- [TASK TO COMPLETE]: Could you repeat exactly the lines from the one containing "Missoni-home-wallcoverings-02 Zig Zag" through the last line of the records, with no pictures?

===== EXTRACTED MATERIAL

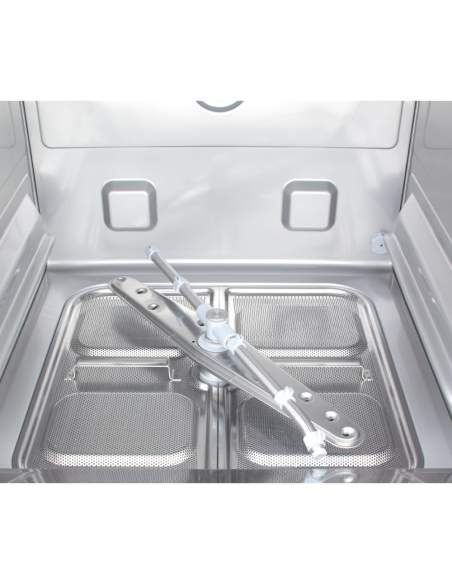 Lave-verres, panier 400x400 mm "Full Hygiene"
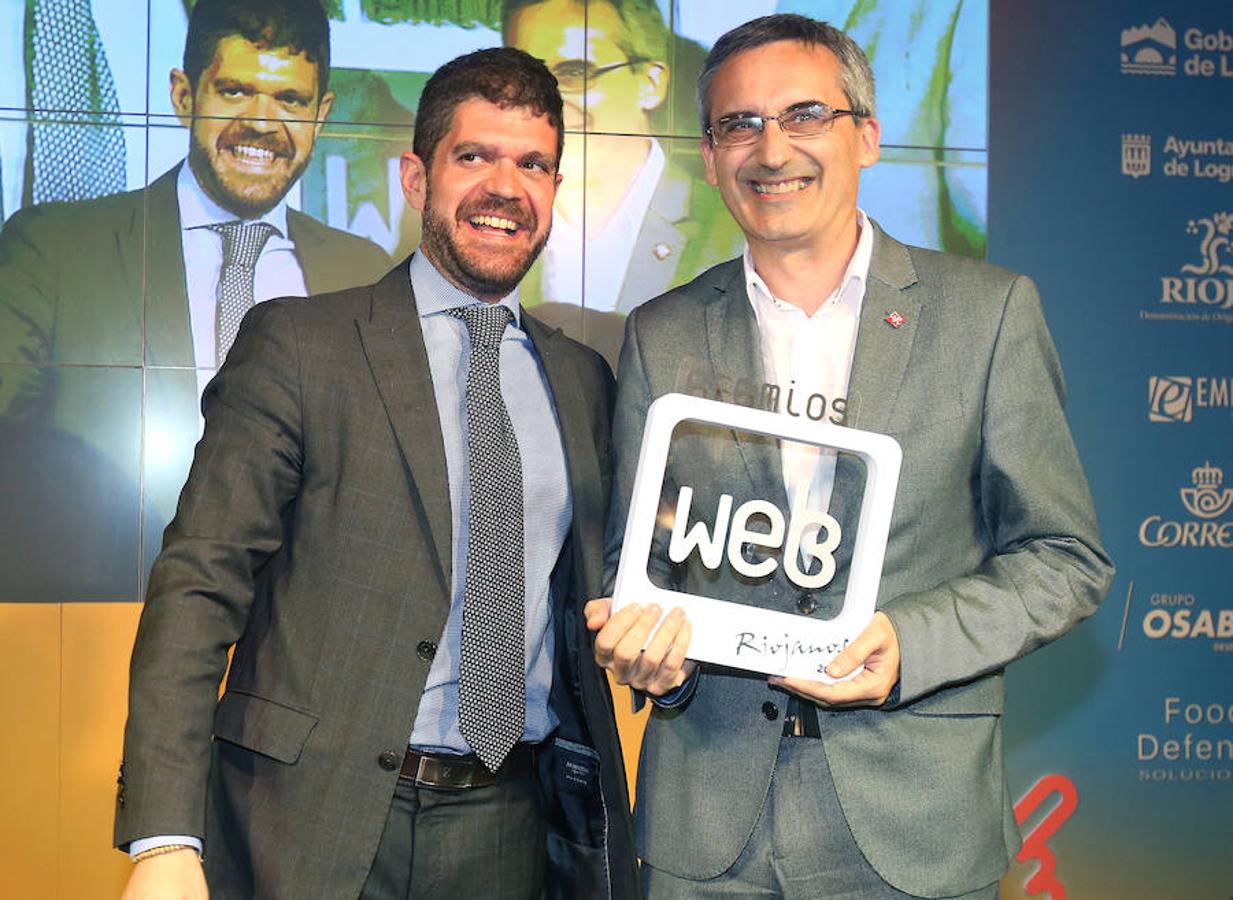 Premios Web 2017 (II)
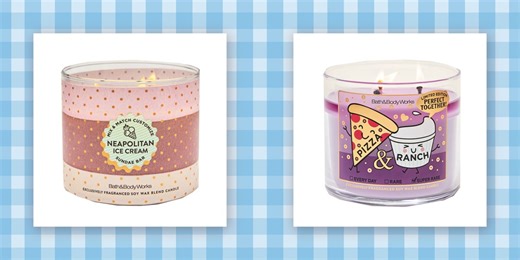 Bath & Body Works Is Selling Candles For $10 Right Now, and Some Scents Are Already Sold Out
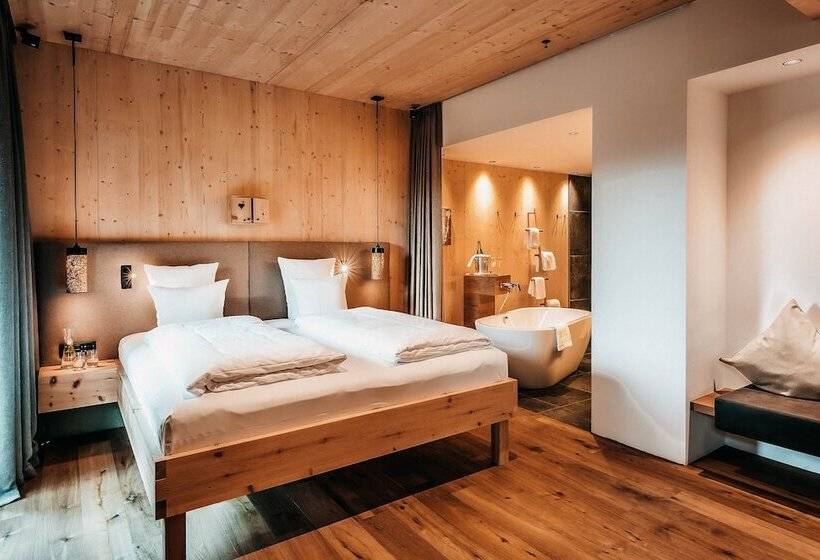 בית מלון כפרי Werdenfelserei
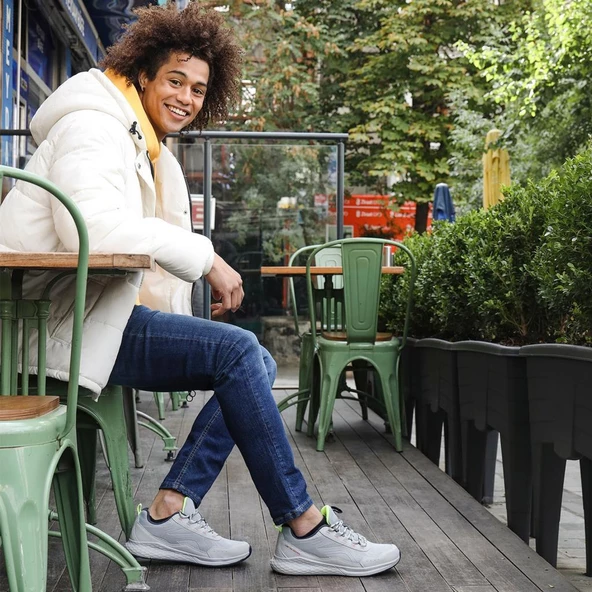 JUMP 26666 COMFORT CASUAL ERKEK GÜNLÜK SPOR AYAKKABISI - 12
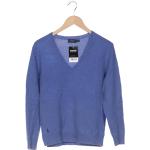 Reduzierte Blaue Ralph Lauren Polo Ralph Lauren Kaschmir-Pullover aus Wolle für Damen Größe S 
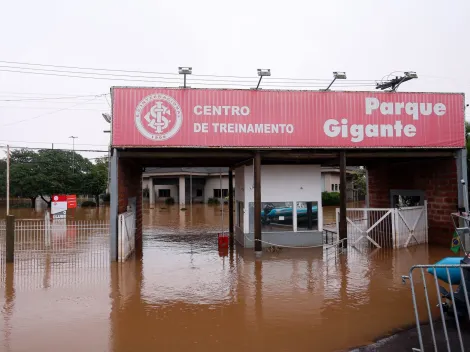 Coudet é avisado após CT do Inter ganhar prazo de retorno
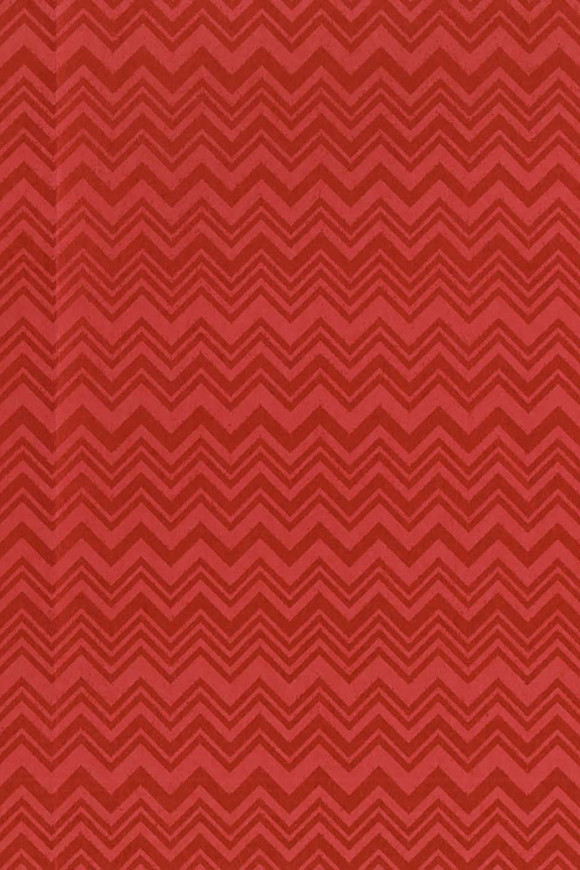 Missoni-home-wallcoverings-02 Zig Zag behang in kleur 10120 (10120) - Product close-up
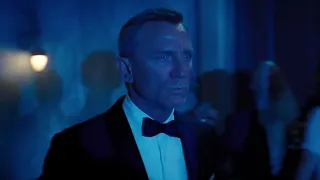 No Time To Die Daniel Craig Era Tribute - James Bond 007 Mood Piece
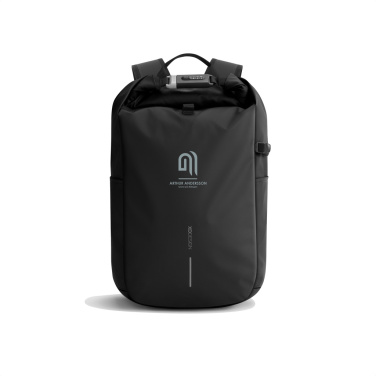 Logo trade advertising product photo of: Urban Water Resistant Anti-theft Backpack
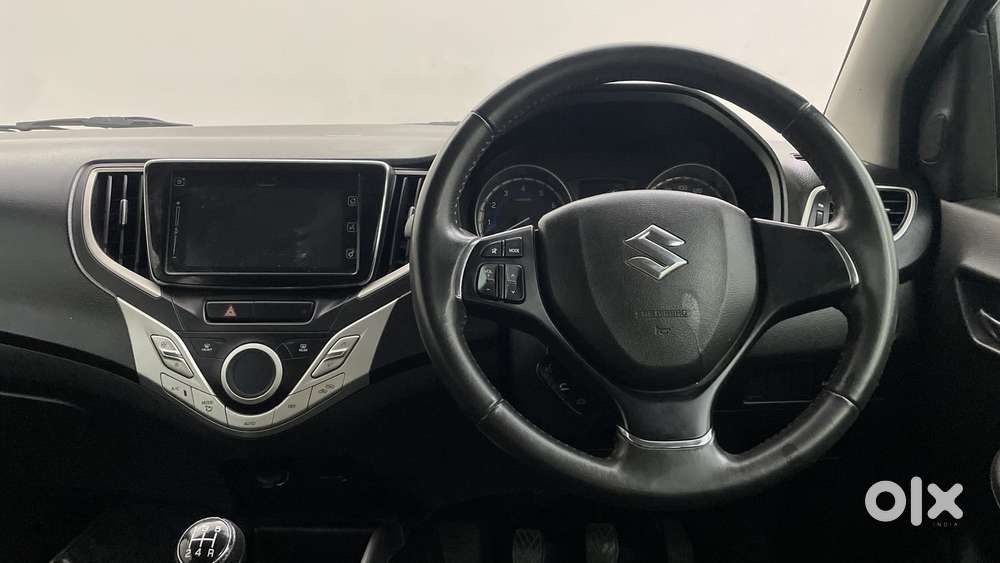 Maruti Suzuki Baleno 1.2 Alpha, 2017, Petrol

==========

- [WRITTEN SOLUTION]:
 Missoni-home-wallcoverings-02 Zig Zag behang in kleur 10120 (10120) - Product close-up
 No Time To Die Daniel Craig Era Tribute - James Bond 007 Mood Piece
 Logo trade advertising product photo of: Urban Water Resistant Anti-theft Backpack
 Maruti Suzuki Baleno 1.2 Alpha, 2017, Petrol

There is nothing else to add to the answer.